Je traverse Golden Gate Park. Toujours le soleil, toujours le vent, mais cette fois une végétation magnifique, des quadragénaires à vélo, des gamins qui escaladent les talus, une jeune femme et un bébé en poussette, un vieux qui joue de l’accordéon sur une statue.
122 Lyon Street. Appartement #3. Le plus célèbre lieu de résidence de Janis Joplin à San Francisco. Une maison typique de la ville, peinte en ocre terne, dans une pente à 45°, avec des grands arbres devant, des trucs hippies accrochés à la rambarde de l’étage qui tintent dans le vent, une chaîne de prières usée qui se balance au balcon du premier… Putain, j’ai encore envie de pleurer bordel ! Oui, ça m’émeut, la vue de cette maison… Si calme, si réelle tout à coup. Je regarde la fenêtre du premier étage où elle vivait, j’admire la vue sur Oak Park depuis la porte d’entrée. Je caresse lentement la rambarde menant au perron en sachant que Janis l’a touchée avant moi… Quand je pense qu’il y a des gens qui vivent dans cette maison. J’imagine si je pouvais habiter dans la maison de Janis… Je deviendrais dingue !! Le père d’Alexis a fait des travaux dans cette maison au début des années 70 et j’ai pu constater qu’il en était sorti psychiquement (et physiquement) indemne. Moi, je doute de mon indemnité psychique rien qu’en la regardant !
Le fond de l’air est frais malgré l’éclat du soleil, je continue mon exploration du quartier, prête à dégainer mon appareil photo à tout instant.
Haight Street est plein de touristes, des français notamment… Morgan m’a dit que c’est aussi là que vis une grande partie de la communauté française de San Francisco, ça expliquerait cette prolifération de compatriotes.
À l’intersection de Ashbury Street et Waller Street, un jeune gars blond assis en tailleur joue de la guitare avec un air inspiré alors que je photographie la maison du Dead au numéro 710. Je me dis que ce serait cool s’il pouvait jouer du Janis. Je reviens sur mes pas à la recherche du numéro 635, au moment où je passe à côté de lui, j’entends :
– “Do you have a lightner ?”
L’histoire se répète (cf. Le jour où j’ai attrapé le Cosmico Blues – Part 2)… C’est clair, j’ai l’air d’une fumeuse !
Il allume son cigarillo, je participe à l’effort de guerre en allumant une Malback. Je souris en regardant le symbole peace and love maquillé sur sa joue gauche. Il semble si jeune et insouciant.

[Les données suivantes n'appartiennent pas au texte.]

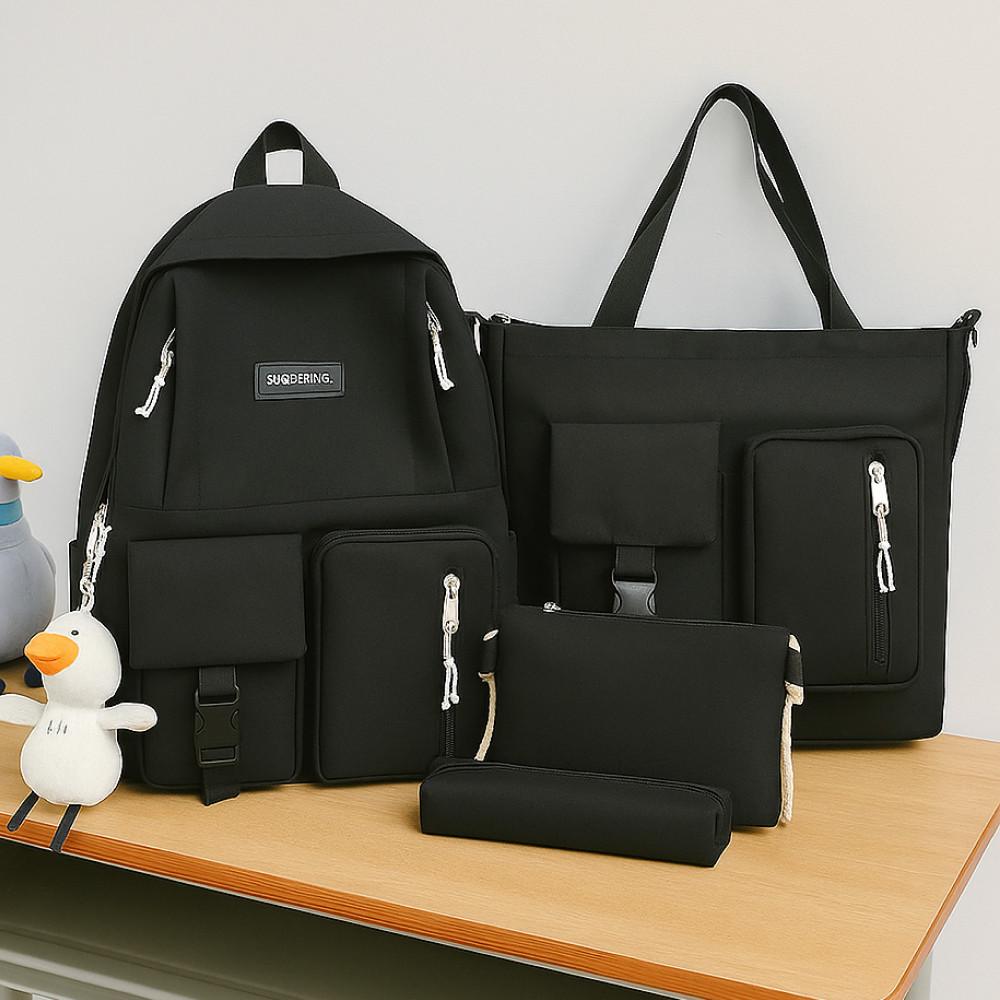 Шкільний набір 4в1 42x30x12 см чорний рюкзак, сумка, клатч та пенал практичний комплект для учнів, фото 1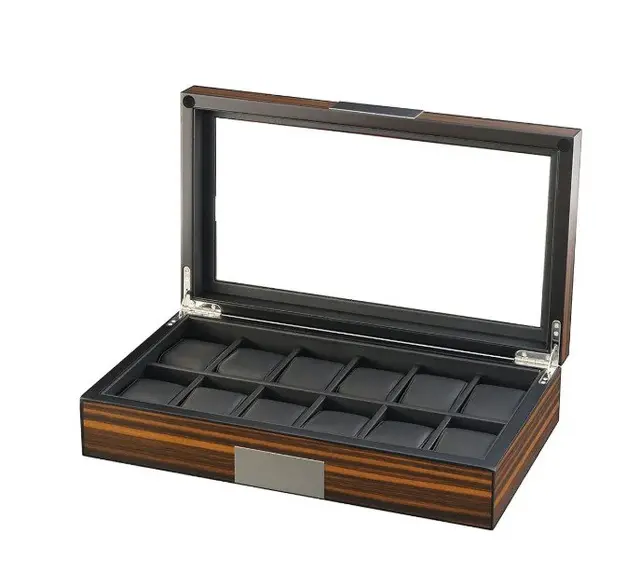 Prestige - Jewellery box - Ebony veneer wood watch box - Wood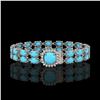 Image 1 : 13.37 ctw Turquoise & Diamond Bracelet 14K White Gold - REF-245F5M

– “Seems like you are on a tour…”
– “Yes I am ! I am on Janis Joplin tour, you see !”
Je lui raconte mon histoire en 2 phrases…
– “Oh, AWESOME !”
Les jeunes de ce pays n’ont que ce mot-là à la bouche !
Il ne connait pas une seule chanson de Janis Joplin mais il aime s’assoir là et, à son échelle, perpétuer l’esprit du quartier. Il vit à San Francisco depuis deux ans, pour ses études et ses parents lui ont tellement parlé de Grateful Dead et de l’histoire de Haight-Ashbury…
Nous discutons gaiement du quartier qui a changé, de Paris et de Jim Morrison, de Serge Gainsbourg (c’est incroyable le nombre de fois où j’ai recommandé cet artiste que je n’écoute jamais à des américains !), de Janis, et de mon voyage bien sûr…
– “Awesome ! Seems like you are her friend or something… And you know so many things about her life !”
– “Hey, t’as lu On The Road ?”
– “Ouais, bien sûr ! J’adore !”
– “Such an awesome book ! J’ai voulu faire comme lui, tu vois, j’ai voulu tailler la route en stop. J’ai fait que 50 miles, mais c’est pas ça qui est important… It was the spirit of it !”
– “Tu m’as dit que tu t’appelais comment ?”
Je ne lui ai pas dit mon nom…
– “Lucie !”
– “I’m Daniel !”
On se serre la main en souriant.
– “Nice to meet you !”
Il me fait un petit signe et un grand sourire :
– “See you someday in Paris !”
– “I hope so !”
Je photographie une maison rose, où Janis Joplin vécut avec Peggy Caserta, la confidente, l’amante et la partenaire de défonce privilégiée. Je suis exaspérée à la pensée de cette traîtresse…
Un clochard-hippie ou un hippie-clochard me lance :
– “Hi young lady, how do you do ?”
Je lui réponds en riant :
– “Fine thanks, and you ?”
– “Good.”
– “Great !”
Plus loin, des touristes se prennent en photo devant ce que j’imagine être la maison de Jimi Hendrix.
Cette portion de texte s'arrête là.